Battle over Trump nominees
President Donald Trump made slow progress this week in filling out his administration, as several Cabinet nominees edged closer to confirmation but other candidates were grilled by Senate Democrats or had their committee votes delayed. By a 66-32 margin, the Senate confirmed former Kansas congressman Mike Pompeo as CIA director, while five nominees advanced through committees, including Rex Tillerson for secretary of state; Ben Carson for Housing and Urban Development; Elaine Chao for Transportation; and Wilbur Ross for Commerce. But Georgia Rep. Tom Price, Trump’s nominee to head the Department of Health and Human Services, encountered fierce opposition. In a heated hearing, Democrats questioned Price about the discounted shares he was offered in an Australian biotech firm that was seeking FDA approval of a multiple sclerosis drug. Lawmakers also noted that Price had bought and sold some $300,000 in health-care stocks—even though he voted on and sometimes sponsored legislation that could affect the value of his holdings. “It’s hard to see how this can be anything but a conflict of interest,” said Sen. Ron Wyden (D-Ore.). Price denied any wrongdoing.

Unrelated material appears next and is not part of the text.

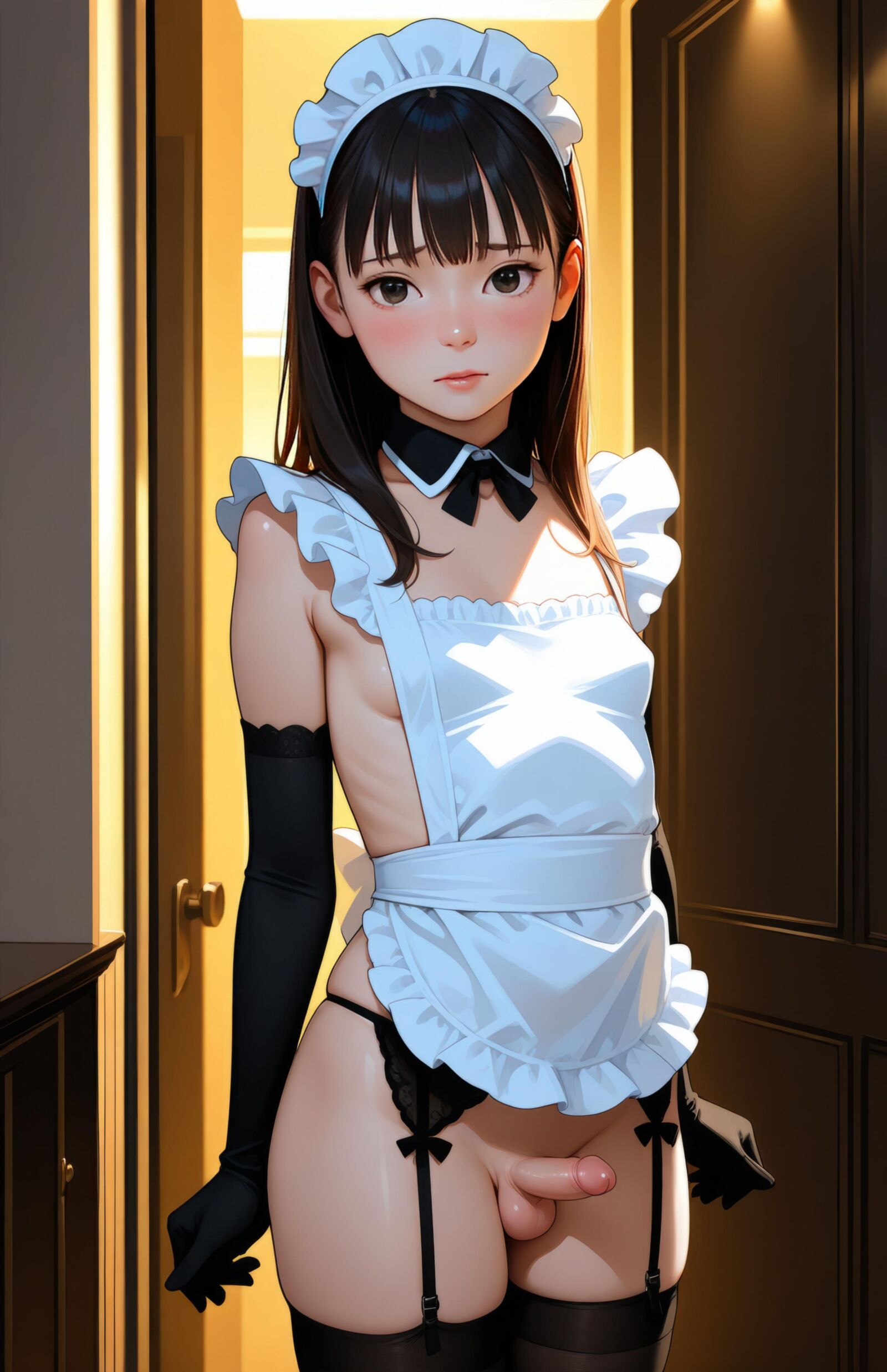 AI femboys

The Senate education committee postponed a planned vote for Betsy DeVos, a charter-school proponent strongly supported by conservatives but vehemently opposed by Democrats. Votes were also delayed for Alabama Sen. Jeff Sessions, Trump’s nominee for attorney general; former Texas Gov. Rick Perry for energy secretary; and Montana Rep. Ryan Zinke, for Interior. Only two of 15 Cabinet nominees have been confirmed—Defense Secretary James Mattis and Homeland Security Secretary John Kelly—and Trump has yet to make some 5,000 lower-level appointments.
What the editorials said
President Trump has “assumed office with the most incomplete team in recent history,” said The New York Times. Transition veterans recommend new presidents have nominees for the top 100 slots requiring Senate confirmation, but Trump only has one-third that number. So much for the canard that a businessman could “run government more efficiently than people with, you know, experience in government.”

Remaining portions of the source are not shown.